For an ideal gas, the work of reversible expansion under isothermal condition can be calculated by using expression ` = -nRT ln.(V_(f))/(V_(i))`. A sample containing 1.0 mol of an ideal gas is expanded isothermally and reversible to ten times of its original volume, in two separate experiments. The expansion is carried out at 300 K and at 600 K respectively.
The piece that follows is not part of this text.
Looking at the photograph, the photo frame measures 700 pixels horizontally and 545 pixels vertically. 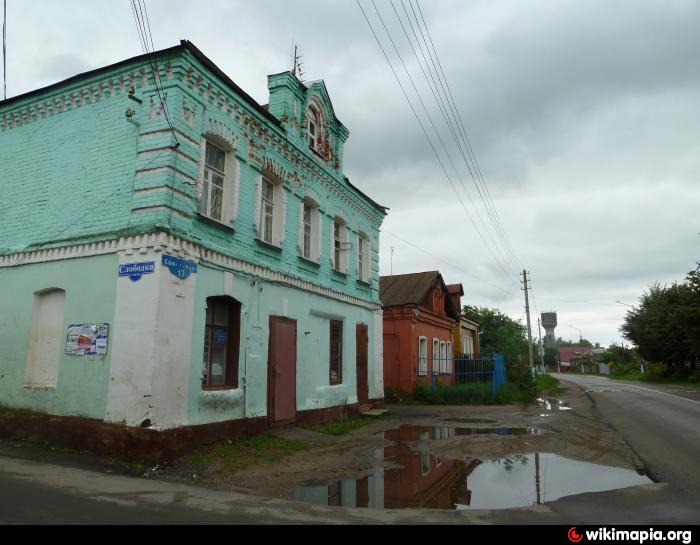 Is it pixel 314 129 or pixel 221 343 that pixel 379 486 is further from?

Choose the correct option

To solve the problem, we will follow these steps: ### Step 1: Understand the Given Information We have a sample of 1.0 mol of an ideal gas that is expanded isothermally and reversibly to ten times its original volume. The expansion occurs at two different temperatures: 300 K and 600 K. ### Step 2: Write the Formula for Work Done The work done (W) during the isothermal expansion of an ideal gas can be calculated using the formula: \[ W = -nRT \ln\left(\frac{V_f}{V_i}\right) \] where: - \( n \) = number of moles (1.0 mol) - \( R \) = universal gas constant (approximately 8.314 J/(mol·K)) - \( T \) = temperature in Kelvin - \( V_f \) = final volume - \( V_i \) = initial volume Since the gas expands to ten times its original volume: \[ V_f = 10V_i \] ### Step 3: Calculate Work Done at 300 K Substituting the values for the first experiment at 300 K: \[ W_{300} = - (1.0 \, \text{mol}) \cdot (8.314 \, \text{J/(mol·K)}) \cdot (300 \, \text{K}) \cdot \ln\left(\frac{10V_i}{V_i}\right) \] \[ W_{300} = - (1.0) \cdot (8.314) \cdot (300) \cdot \ln(10) \] \[ W_{300} = -2494.2 \cdot 2.3026 \] \[ W_{300} \approx -5746.3 \, \text{J} \] ### Step 4: Calculate Work Done at 600 K Now, substituting the values for the second experiment at 600 K: \[ W_{600} = - (1.0 \, \text{mol}) \cdot (8.314 \, \text{J/(mol·K)}) \cdot (600 \, \text{K}) \cdot \ln\left(\frac{10V_i}{V_i}\right) \] \[ W_{600} = - (1.0) \cdot (8.314) \cdot (600) \cdot \ln(10) \] \[ W_{600} = - (1.0) \cdot (8.314) \cdot (600) \cdot 2.3026 \] \[ W_{600} = - 12099.3 \, \text{J} \] ### Step 5: Compare Work Done at Both Temperatures Now we can compare the work done at both temperatures: \[ \frac{W_{300}}{W_{600}} = \frac{-5746.3}{-12099.3} \approx \frac{1}{2} \] This indicates that: \[ W_{600} = 2 \times W_{300} \] ### Step 6: Analyze the Change in Internal Energy (ΔU) For an isothermal process involving an ideal gas, the change in internal energy (ΔU) is given by: \[ \Delta U = nC_V(T_f - T_i) \] Since the temperature is constant during the isothermal process, \( T_f = T_i \), thus: \[ \Delta U = 0 \] ### Conclusion From our calculations and analysis, we conclude: - The work done at 600 K is twice that at 300 K. - The change in internal energy (ΔU) is zero for both cases. ### Final Answer The correct options are: - Work done at 600 K is twice the work done at 300 K. - ΔU is zero in both cases.